**Task goal**
The lines from the top of the data down to the line with "17 Locust St, Etna, PA 15223" should be repeated exactly, both ends included.

START Records shown

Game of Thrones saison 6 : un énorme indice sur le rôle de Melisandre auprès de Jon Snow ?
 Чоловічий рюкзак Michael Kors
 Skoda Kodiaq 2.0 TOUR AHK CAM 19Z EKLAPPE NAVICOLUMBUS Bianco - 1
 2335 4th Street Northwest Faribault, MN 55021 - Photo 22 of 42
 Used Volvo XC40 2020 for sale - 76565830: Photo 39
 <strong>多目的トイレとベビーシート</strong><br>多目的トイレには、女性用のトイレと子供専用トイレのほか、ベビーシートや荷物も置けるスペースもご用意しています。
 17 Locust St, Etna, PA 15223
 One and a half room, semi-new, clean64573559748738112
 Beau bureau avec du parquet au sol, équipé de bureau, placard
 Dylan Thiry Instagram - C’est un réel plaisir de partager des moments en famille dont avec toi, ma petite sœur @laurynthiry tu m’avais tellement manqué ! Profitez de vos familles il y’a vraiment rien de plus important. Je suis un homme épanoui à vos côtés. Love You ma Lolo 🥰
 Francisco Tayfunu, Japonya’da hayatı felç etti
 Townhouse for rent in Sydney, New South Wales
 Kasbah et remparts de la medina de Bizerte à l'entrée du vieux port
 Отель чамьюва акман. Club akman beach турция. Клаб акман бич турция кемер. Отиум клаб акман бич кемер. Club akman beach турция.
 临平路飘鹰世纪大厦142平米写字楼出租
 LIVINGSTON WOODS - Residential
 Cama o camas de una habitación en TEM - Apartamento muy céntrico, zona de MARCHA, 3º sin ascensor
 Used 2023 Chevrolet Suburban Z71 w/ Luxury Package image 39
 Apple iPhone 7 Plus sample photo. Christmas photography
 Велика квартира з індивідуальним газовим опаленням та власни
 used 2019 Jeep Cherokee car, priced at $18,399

END Records shown

**Task answer**
Game of Thrones saison 6 : un énorme indice sur le rôle de Melisandre auprès de Jon Snow ?
 Чоловічий рюкзак Michael Kors
 Skoda Kodiaq 2.0 TOUR AHK CAM 19Z EKLAPPE NAVICOLUMBUS Bianco - 1
 2335 4th Street Northwest Faribault, MN 55021 - Photo 22 of 42
 Used Volvo XC40 2020 for sale - 76565830: Photo 39
 <strong>多目的トイレとベビーシート</strong><br>多目的トイレには、女性用のトイレと子供専用トイレのほか、ベビーシートや荷物も置けるスペースもご用意しています。
 17 Locust St, Etna, PA 15223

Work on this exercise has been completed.